Remember that, say 4*4, is just 4 + 4 + 4 + 4. You're on the right track with a for-loop, but now make the loop iterate n times adding n to itself.
new = 0
for _ in range(n):
new += n
Note that this won't work with negative numbers. If you're going to be dealing with those, perhaps get the absolute value of n at the beginning:
def square(n):
n = abs(n)
....
Since you have been told you have to get the answer by producing the first n odd numbers, then you need to think about how to do that - certainly your loop isn't doing that :
several issues :
you do odd =1, and then use odd in your for loop, the two can't co-exist, so the initial value of odd = 1 is overwritten.
Your loop doesn't produce the first n odd numbers that I can see.

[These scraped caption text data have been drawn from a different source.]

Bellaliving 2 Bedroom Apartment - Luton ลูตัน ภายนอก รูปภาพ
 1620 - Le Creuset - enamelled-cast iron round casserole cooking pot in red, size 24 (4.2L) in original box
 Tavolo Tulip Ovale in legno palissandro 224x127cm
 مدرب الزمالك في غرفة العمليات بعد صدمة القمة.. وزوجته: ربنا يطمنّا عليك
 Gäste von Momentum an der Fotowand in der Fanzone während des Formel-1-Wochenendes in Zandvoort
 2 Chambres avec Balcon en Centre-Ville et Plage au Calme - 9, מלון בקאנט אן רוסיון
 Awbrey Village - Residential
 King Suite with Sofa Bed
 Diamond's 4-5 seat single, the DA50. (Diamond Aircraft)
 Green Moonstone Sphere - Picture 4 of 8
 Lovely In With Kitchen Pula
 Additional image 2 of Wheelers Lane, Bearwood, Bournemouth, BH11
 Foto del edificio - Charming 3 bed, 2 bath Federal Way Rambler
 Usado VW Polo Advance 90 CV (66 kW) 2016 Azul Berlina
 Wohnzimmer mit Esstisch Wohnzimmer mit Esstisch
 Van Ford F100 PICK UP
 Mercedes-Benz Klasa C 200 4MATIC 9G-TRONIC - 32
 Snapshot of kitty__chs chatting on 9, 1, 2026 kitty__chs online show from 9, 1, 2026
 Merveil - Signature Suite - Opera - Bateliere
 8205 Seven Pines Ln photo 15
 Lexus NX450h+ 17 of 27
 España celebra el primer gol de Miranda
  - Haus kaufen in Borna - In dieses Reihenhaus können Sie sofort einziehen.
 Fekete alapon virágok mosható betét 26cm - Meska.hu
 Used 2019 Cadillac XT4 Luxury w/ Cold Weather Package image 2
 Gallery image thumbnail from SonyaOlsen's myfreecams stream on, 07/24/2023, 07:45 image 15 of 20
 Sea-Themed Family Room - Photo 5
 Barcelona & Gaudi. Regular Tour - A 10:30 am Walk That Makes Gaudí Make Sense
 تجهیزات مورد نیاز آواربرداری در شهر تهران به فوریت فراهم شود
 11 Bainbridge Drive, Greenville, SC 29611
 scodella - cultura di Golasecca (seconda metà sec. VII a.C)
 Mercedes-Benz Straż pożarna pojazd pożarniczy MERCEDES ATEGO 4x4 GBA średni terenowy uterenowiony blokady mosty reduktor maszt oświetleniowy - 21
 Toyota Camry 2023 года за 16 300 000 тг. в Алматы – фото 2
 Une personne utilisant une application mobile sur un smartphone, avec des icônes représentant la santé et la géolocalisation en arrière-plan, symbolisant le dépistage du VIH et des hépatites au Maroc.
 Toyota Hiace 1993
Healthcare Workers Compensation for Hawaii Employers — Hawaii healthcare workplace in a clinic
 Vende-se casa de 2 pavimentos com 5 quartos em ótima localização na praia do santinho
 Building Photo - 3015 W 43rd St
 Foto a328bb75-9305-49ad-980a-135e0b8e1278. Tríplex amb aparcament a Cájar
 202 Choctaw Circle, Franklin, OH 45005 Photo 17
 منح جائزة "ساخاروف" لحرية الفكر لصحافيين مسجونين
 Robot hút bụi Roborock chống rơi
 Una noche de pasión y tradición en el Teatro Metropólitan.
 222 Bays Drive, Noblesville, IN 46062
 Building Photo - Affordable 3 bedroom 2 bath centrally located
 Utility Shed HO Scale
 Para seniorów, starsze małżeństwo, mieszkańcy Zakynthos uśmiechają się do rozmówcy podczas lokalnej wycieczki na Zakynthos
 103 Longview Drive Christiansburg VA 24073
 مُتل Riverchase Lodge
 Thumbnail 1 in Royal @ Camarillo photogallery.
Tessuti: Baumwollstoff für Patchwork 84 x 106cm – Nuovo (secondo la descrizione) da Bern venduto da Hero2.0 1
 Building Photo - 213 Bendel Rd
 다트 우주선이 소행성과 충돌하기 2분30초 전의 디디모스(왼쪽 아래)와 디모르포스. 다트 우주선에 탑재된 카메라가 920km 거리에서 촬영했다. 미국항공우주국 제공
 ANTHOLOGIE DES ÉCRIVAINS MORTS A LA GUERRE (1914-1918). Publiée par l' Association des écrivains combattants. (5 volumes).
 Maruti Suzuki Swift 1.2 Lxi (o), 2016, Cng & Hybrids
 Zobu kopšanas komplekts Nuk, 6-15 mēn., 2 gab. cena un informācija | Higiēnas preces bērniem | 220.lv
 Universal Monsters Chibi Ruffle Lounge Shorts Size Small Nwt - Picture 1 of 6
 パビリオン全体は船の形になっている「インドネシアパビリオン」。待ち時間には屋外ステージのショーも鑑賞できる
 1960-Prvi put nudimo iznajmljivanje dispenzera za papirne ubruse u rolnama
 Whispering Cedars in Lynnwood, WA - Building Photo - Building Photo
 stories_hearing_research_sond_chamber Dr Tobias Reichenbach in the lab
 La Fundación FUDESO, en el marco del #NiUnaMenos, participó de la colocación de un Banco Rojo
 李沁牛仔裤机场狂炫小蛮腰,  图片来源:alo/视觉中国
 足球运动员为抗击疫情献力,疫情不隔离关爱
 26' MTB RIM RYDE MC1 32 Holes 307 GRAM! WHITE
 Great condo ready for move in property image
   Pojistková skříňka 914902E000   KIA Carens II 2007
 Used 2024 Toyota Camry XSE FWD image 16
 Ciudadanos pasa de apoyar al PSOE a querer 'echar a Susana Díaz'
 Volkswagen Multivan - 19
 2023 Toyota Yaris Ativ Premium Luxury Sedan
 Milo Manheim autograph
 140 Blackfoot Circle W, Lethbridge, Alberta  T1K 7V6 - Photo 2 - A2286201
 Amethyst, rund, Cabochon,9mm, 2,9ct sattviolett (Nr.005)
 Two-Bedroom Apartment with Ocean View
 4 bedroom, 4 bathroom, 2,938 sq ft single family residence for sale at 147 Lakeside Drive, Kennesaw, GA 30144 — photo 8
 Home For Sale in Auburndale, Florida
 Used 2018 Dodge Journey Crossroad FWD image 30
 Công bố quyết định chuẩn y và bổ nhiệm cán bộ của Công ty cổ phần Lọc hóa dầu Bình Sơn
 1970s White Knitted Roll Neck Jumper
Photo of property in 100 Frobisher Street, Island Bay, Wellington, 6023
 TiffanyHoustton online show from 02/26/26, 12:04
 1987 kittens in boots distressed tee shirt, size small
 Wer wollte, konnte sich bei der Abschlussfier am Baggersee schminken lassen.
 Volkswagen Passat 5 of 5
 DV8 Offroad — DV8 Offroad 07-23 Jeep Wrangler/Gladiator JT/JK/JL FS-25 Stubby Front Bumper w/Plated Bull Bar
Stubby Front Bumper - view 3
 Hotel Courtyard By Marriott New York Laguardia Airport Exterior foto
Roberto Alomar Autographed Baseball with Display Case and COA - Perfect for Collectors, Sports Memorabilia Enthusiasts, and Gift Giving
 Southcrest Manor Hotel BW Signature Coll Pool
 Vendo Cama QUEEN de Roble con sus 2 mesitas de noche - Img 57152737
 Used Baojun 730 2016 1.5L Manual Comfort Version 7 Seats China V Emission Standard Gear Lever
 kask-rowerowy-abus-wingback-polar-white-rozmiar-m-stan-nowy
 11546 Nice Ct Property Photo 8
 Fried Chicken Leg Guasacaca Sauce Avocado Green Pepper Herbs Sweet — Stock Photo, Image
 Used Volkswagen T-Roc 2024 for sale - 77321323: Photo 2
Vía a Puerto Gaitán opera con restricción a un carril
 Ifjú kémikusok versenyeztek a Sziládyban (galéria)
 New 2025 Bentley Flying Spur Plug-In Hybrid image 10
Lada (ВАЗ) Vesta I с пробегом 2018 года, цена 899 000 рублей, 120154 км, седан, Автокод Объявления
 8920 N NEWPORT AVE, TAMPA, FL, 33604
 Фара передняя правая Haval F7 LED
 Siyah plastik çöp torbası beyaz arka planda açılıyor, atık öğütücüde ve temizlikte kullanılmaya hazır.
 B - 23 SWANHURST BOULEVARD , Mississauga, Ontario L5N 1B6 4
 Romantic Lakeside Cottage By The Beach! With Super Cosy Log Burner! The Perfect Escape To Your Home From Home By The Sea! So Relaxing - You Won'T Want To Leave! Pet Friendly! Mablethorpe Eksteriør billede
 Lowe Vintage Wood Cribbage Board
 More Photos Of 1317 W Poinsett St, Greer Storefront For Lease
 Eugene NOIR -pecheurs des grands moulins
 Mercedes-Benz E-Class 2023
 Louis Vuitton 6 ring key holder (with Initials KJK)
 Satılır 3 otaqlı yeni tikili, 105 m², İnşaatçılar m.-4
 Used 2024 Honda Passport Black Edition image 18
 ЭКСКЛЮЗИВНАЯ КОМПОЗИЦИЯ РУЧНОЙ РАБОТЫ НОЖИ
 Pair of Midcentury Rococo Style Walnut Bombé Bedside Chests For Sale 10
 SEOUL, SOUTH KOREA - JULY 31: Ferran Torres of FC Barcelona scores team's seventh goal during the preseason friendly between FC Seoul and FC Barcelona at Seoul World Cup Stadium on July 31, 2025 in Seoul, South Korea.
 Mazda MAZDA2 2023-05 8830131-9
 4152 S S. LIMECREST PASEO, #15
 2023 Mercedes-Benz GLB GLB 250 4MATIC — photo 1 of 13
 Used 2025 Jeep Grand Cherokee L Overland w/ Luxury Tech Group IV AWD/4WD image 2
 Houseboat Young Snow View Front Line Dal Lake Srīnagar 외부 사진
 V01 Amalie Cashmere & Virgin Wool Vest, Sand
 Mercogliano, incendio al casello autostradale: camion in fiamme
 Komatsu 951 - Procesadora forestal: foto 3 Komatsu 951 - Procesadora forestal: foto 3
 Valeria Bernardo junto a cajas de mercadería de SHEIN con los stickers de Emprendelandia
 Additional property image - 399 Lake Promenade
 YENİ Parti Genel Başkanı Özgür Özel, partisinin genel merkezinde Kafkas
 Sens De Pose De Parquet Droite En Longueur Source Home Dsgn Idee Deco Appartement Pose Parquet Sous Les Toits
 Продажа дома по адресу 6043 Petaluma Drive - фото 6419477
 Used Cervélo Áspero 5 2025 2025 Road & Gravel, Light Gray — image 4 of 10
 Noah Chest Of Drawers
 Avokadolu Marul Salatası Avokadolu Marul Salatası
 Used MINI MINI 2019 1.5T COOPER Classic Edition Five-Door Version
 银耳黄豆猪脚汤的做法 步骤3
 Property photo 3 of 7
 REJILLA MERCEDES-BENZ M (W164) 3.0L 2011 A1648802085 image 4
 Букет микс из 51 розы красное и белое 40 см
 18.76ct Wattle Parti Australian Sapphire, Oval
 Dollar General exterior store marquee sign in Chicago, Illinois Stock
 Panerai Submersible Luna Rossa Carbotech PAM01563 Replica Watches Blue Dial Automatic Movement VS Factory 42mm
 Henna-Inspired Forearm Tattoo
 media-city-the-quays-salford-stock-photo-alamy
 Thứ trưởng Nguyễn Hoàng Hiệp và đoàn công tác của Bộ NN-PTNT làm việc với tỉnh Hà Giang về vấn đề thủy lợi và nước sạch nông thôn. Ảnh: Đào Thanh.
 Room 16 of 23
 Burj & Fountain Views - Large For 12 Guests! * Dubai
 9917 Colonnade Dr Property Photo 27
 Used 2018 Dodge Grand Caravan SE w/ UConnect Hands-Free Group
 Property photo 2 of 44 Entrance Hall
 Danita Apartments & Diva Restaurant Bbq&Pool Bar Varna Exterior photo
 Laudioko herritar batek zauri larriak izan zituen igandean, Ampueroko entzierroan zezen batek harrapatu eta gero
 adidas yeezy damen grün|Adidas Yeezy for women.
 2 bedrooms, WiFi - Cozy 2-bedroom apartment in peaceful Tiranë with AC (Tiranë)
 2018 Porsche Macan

My suggest would be to rework your loop : the first 'n' odd numbers are in the form :
1, 3, 5, ... n*2-1
(Counting from 1 not from zero)
so a loop like this :
final = 0
for c in range(1, n+1): #start counting from 1 to do 1 to n+1
odd = c*2 -1 #Use the series above to generate each odd number.
final += odd
should work
a much more 'pythonic' way to do this is :
final = sum(c*2-1 for c in range(1,n))
This uses a generator to create all of the odd numbers (the equivalent of the loop), and sum the values as they get created.
Go back to the original definition of multiplication.
Just add the number n to itself n times. What's so hard? It's inefficient has hell, but it'll work.
I'm sure there's a more Pythonic way:
def square(n):
sum = 0
for i in range(0,n):
sum = sum + n
return sum